Guillame, pecinta binatang. Dia punya seekor anjing, seekor hamster, kura-kura, ikan-ikan merah, dan dua ekor kucing. Dan semua itu belum cukup baginya!
Pagi ini, dia duduk lembut di atas lutut ibunya. Dia lalu berbicara pelan.
“Tahukah kau, Mama, aku sangat mencintai…”
“Mencintai apa?”
“Seekor binatang kecil.”
“Lagi?” kejut Ibu.

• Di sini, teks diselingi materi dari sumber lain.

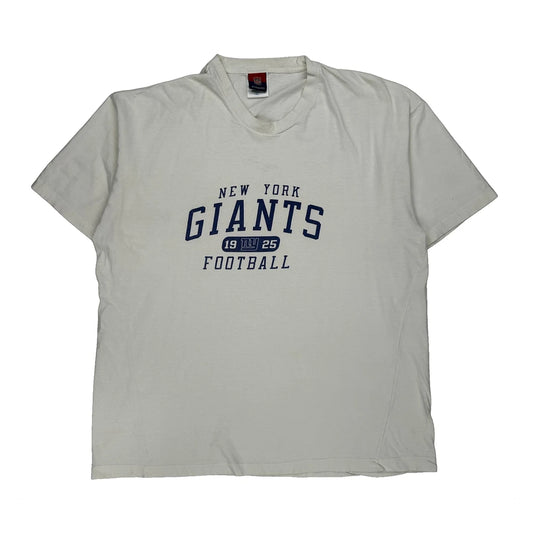 New York Giants Reebok Football T-Shirt - XL White Cotton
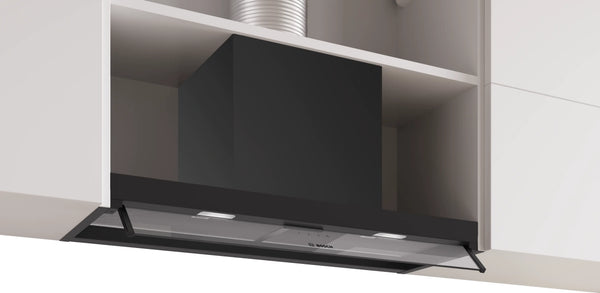 Bosch Series 4 80cm built-in integrated design cooker hood with clear glass canopy in Matt Black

Dia mengerti Guillame ingin binatang baru. “Lagi-lagi harus memberi makan, memandikan, menyisir, merawat saat ia sakit, mengajaknya jalan-jalan keluar.”
“Mama, aku mohon…”
“Hmm…binatang apa?” Ibu mulai melemah.
“Ayo tebak!” Guillame mengajak ibunya bermain.

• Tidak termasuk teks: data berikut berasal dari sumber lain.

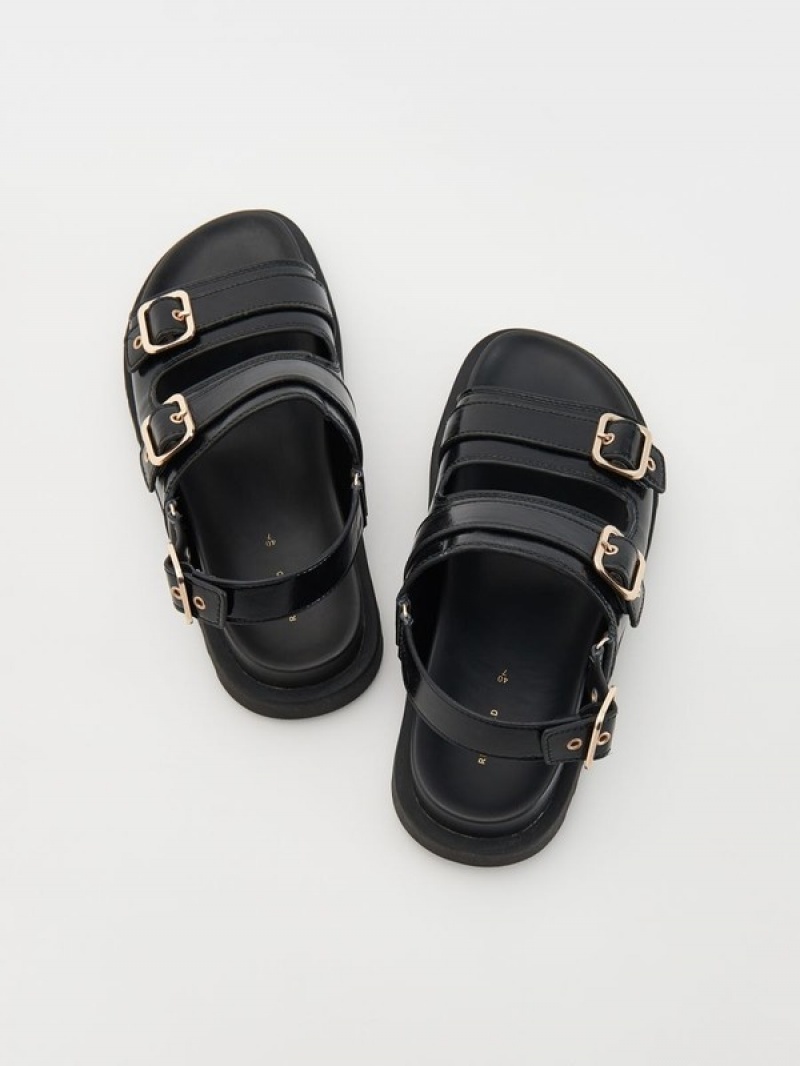 Black Reserved Leatherbuckles Women's Sandals | IDWA-29385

“Coba kita lihat. Seekor tikus putih kecil?”
“Ah bukan! Jika aku memilikinya, dia akan melarikan diri dan mendatangi tempat tidurku tiap malam.”
“Seekor burung beo?
“Bukan juga! Jika aku memilikinya, dia akan mengulangi semua yang aku lakukan, semua yang aku katakan.”
“Seekor monyet kecil?
“Bukan pula! Jika aku memilikinya, dia akan mengacaukan puzzle-ku dan merusak prajurit-prajuritku.”
“Kalau begitu, pasti seekor burung kenari?”
“Itu pun bukan! Jika aku memilikinya, dia akan menyanyi dan membangunkanku terlalu pagi.”
“Aku tak bisa jawab. Aku menyerah,” kata Ibu pasrah.
“Hehe, baiklah. Dia seekor… seekor… seekor gajah!” teriak Guillame merasa menang.
“Seekor gajah?” kali kedua Ibu terkejut.
“Iya, tapi yang kuinginkan kecil, tidak besar. Seekor bayi gajah.”
“Kau tahu kalau itu akan mengganggu?” tanya Ibu. “Seekor bayi gajah akan tumbuh dewasa, membesar, dan sangat merepotkan.”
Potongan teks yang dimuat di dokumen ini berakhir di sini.